[Supplied information Boundary: Start]

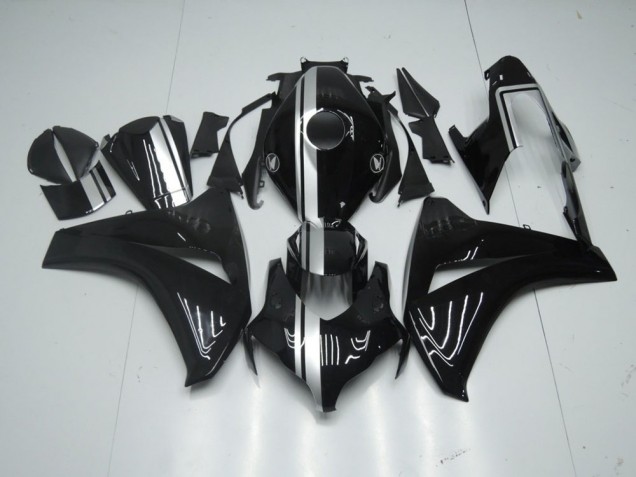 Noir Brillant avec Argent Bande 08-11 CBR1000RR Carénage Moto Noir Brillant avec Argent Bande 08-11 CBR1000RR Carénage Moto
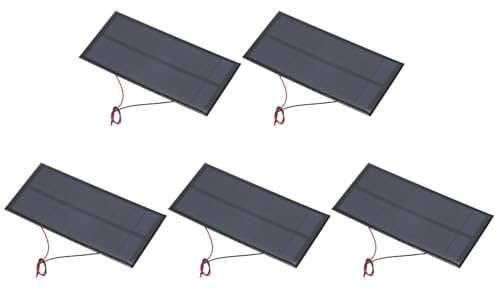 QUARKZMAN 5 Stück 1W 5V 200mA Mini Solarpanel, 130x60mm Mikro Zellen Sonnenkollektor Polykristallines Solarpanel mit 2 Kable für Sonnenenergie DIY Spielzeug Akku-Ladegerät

[Supplied information Boundary: End]
[Supplied information Boundary: Start]

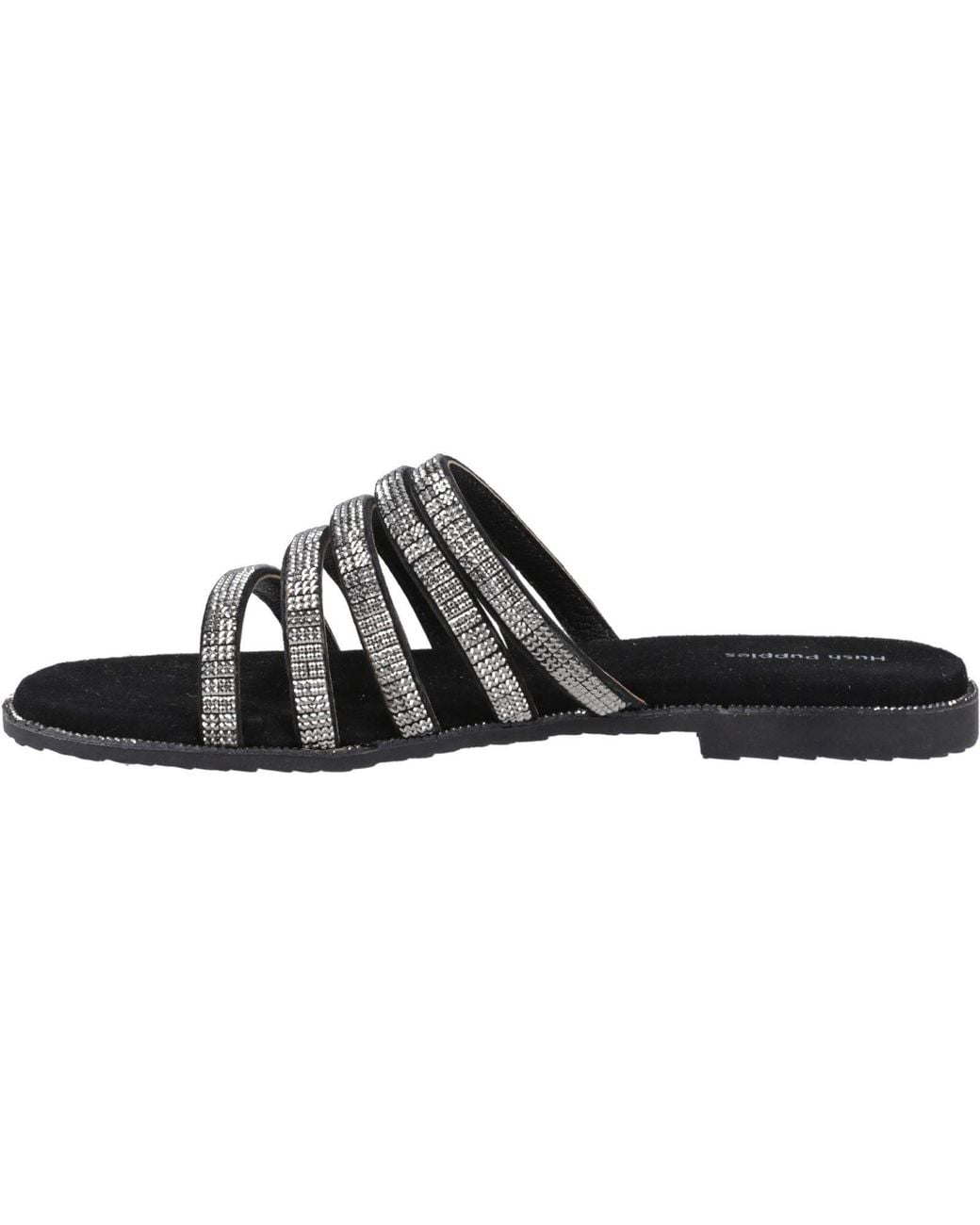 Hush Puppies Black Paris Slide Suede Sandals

[Supplied information Boundary: End]
[Supplied information Boundary: Start]

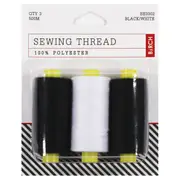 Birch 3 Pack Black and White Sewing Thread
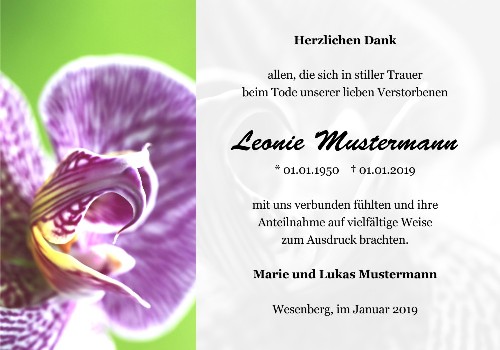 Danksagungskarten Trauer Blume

[Supplied information Boundary: End]

Look above for the line with "Birch 3 Pack Black and White Sewing Thread" and the line with "Danksagungskarten Trauer Blume", then restate exactly those two lines and all lines between them, with no pictures.

## Output for this task
 Birch 3 Pack Black and White Sewing Thread
 Danksagungskarten Trauer Blume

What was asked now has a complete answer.